The cultivation of trust is critical for the success of both the Internet economy and m-commerce. Marijke Coetzee, a Professor in Computer Science and Software Engineering at the University of Johannesburg (UJ), argues that consumer trust with regards to technology can generally be defined in a uniform manner, if all participants behave in the same way.
Prof Coetzee examined the development of a trust and reputation model to support collectivist communities with mobile technology when she delivered her inaugural address in the Council Chambers, Madibeng Building, Auckland Park Kingsway Campus on Monday, 20 July 2015.

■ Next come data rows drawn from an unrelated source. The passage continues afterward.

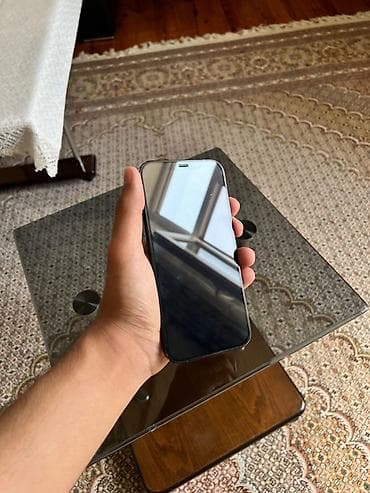 IPhone 12 Pro Max — 2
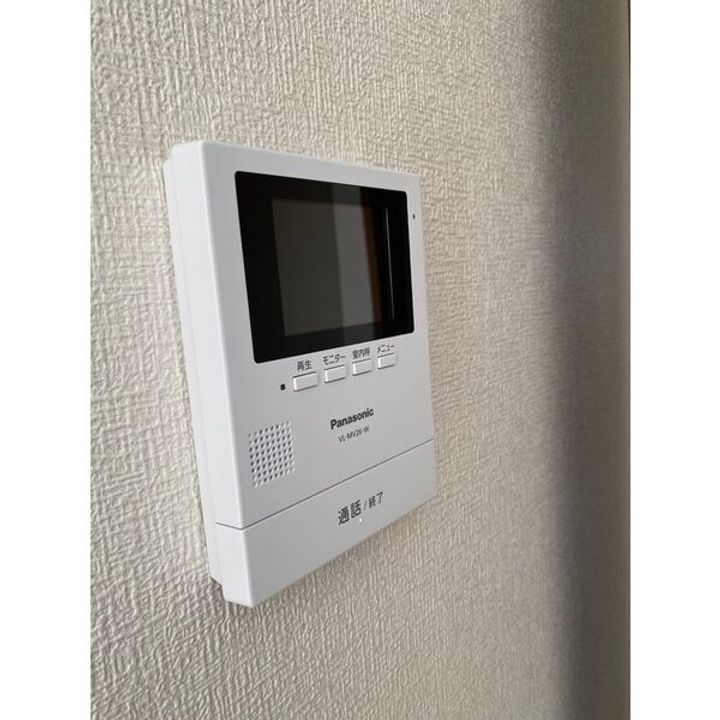 栃木県宇都宮市元今泉3(アパート)の賃貸物件の内装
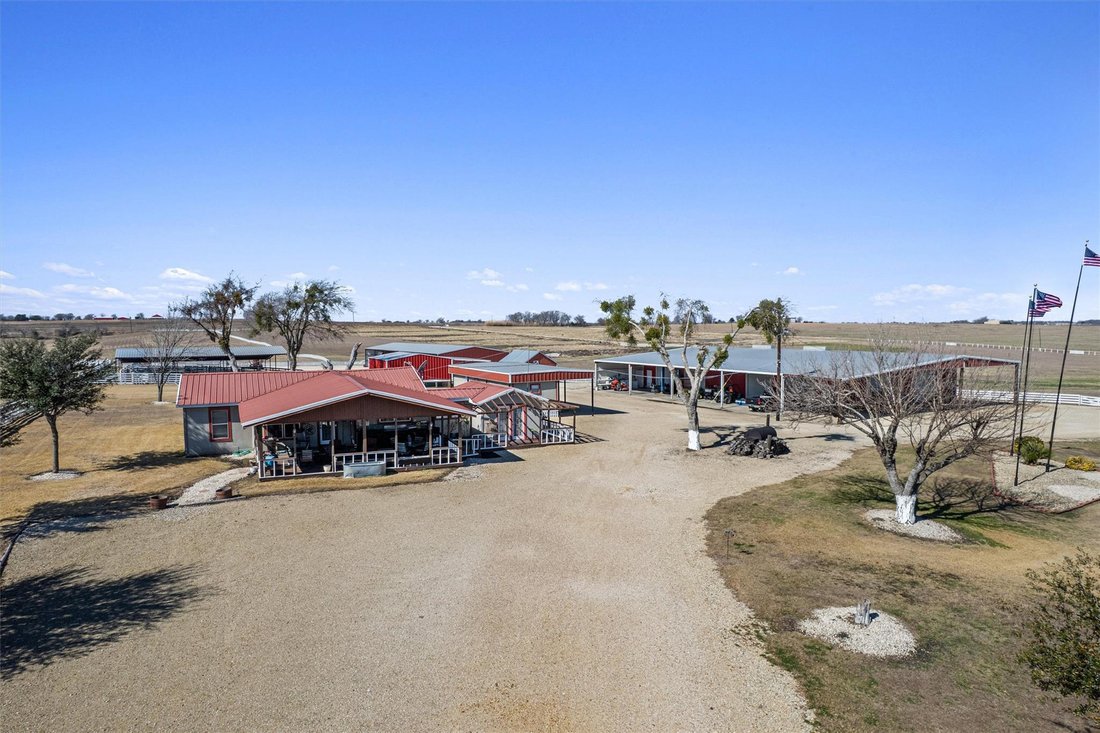 House in Taylor, Texas, United States 5 - 17275670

The use of technology gives trust interesting new dimensions, says Prof Coetzee. Current research indicates that culture has a major effect on the formation of consumer trust and the risks that consumers are willing to take. “To ensure the successful uptake of m-commerce in emerging economies such as Brazil, India and South Africa, it is imperative to investigate culturally adapted trust requirements, properties and models,” said Prof Coetzee.
She pointed out that trust should not only considered from a technical perspective, but also from a cultural perspective. As trust is not created and used equally by all communities, the development of culturally adapted trust and reputation models can ensure that collectivist communities are more comfortable when transacting with each other, thereby enhancing economic growth.

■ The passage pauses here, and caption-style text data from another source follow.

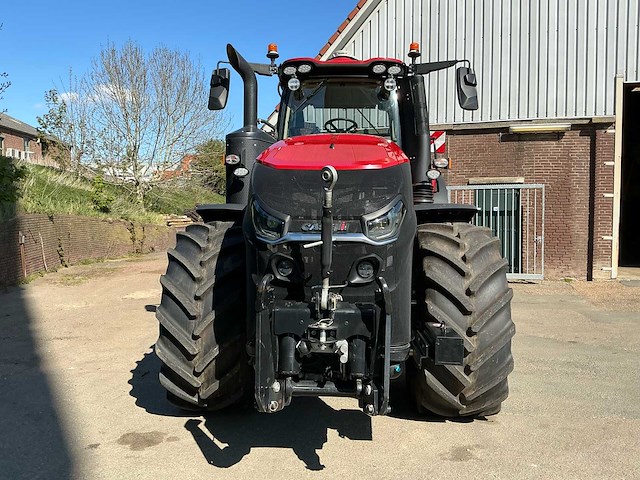 2023 case ih magnum 400 afs connect 4wd landbouwtractor - afbeelding 2 van  33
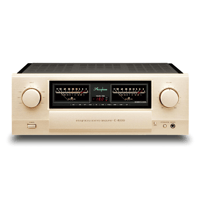 Accuphase E-4000 variant 1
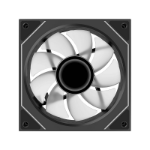 Xilence Gaming Series XPF120UR.ARGB Computer case Fan 12 cm Black 1 pc(s)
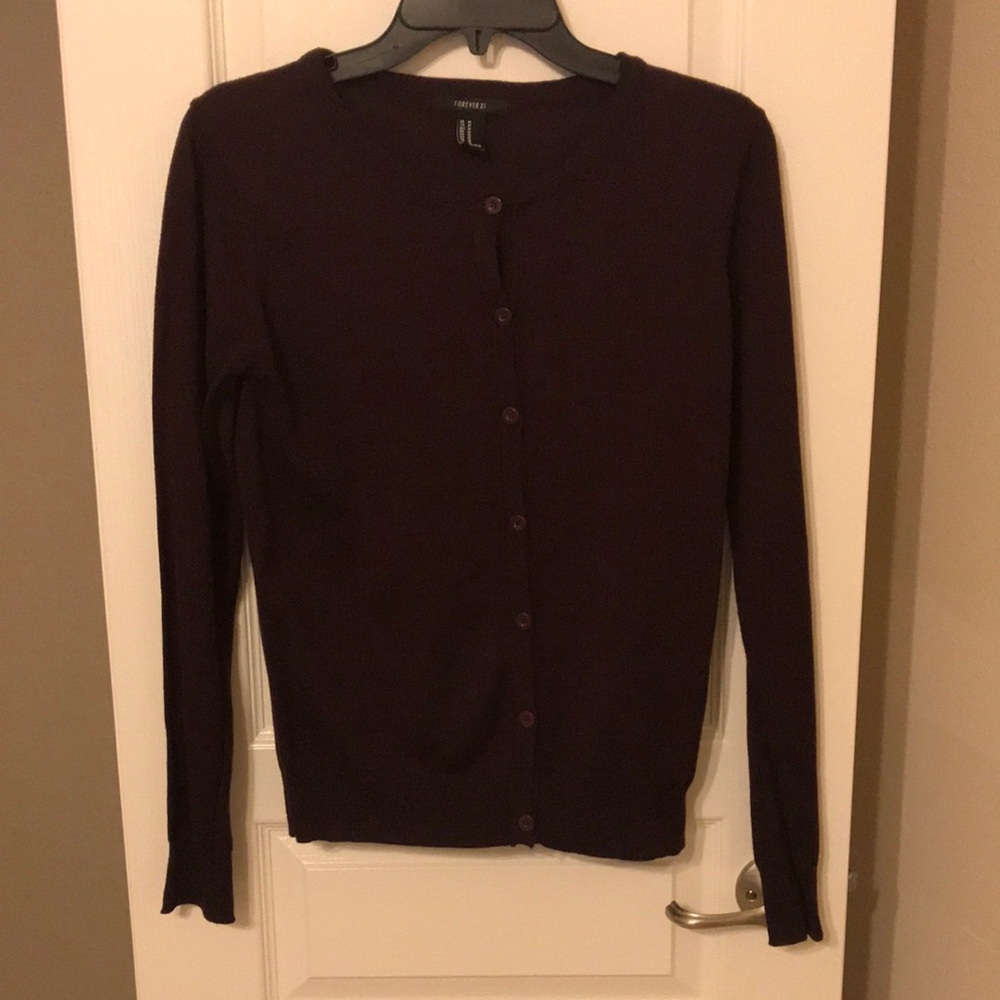 Cardigan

Prof Coetzee’s research interest includes trust management, information security, service-oriented computing, and mobile and wireless security.

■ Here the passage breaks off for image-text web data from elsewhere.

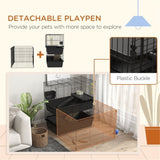 Small Animal Cage 83848377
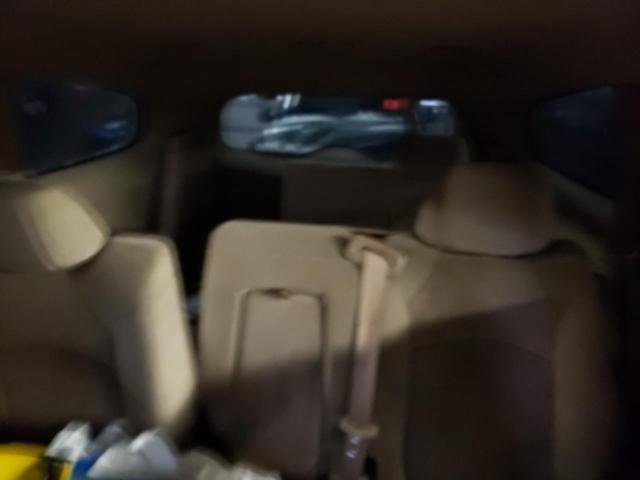 Photo 10 from auction – 2009 BUICK ENCLAVE CX with VIN 5GAER13D39J154209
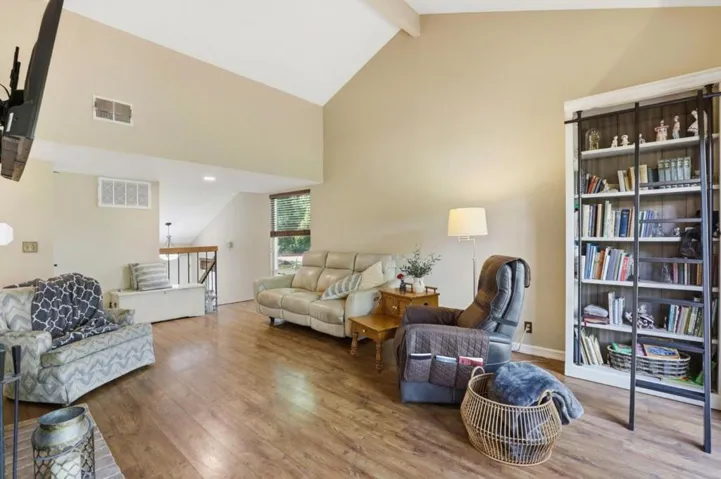 16963 Susan, Morgan Hill, California 95037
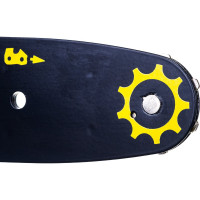 Шина (14"; 3/8", 1.3 мм; 52 звена) CHAMPION 952909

Prior to joining UJ, Prof Coetzee worked in a part-time capacity as an Assistant Lecturer at the University of Pretoria in the Department of Computer Science. In 2005, she was appointed as Lecturer in the Academy for Information Technology at UJ and in 2007 she was promoted to Senior Lecturer.
Prof Coetzee is an NRF rated researcher and has co-authored more than 50 academic publications that have been published in journals, and presented at international and national conferences in Information Security.
She has supervised a number of post graduate student projects to completion. She obtained NRF research funding from the Thuthuka project for a number of years, as well as incentive funding. She was the treasurer IEEE SMCS (IEEE Systems, Man and Cybernetics Society), a chapter of the IEEE South Africa Section from 2009 – 2012, and is a member of the IEEE Computer Society, ACM and SAICSIT.
Prof Coetzee is on the organising committee of ISSA (Information Security for South Africa) since 2009. As a discipline-based expert she has been invited to present sessions and have chaired sessions and workshops at many international conferences. She acts as a reviewer for accredited international journals and peer-reviewed conferences.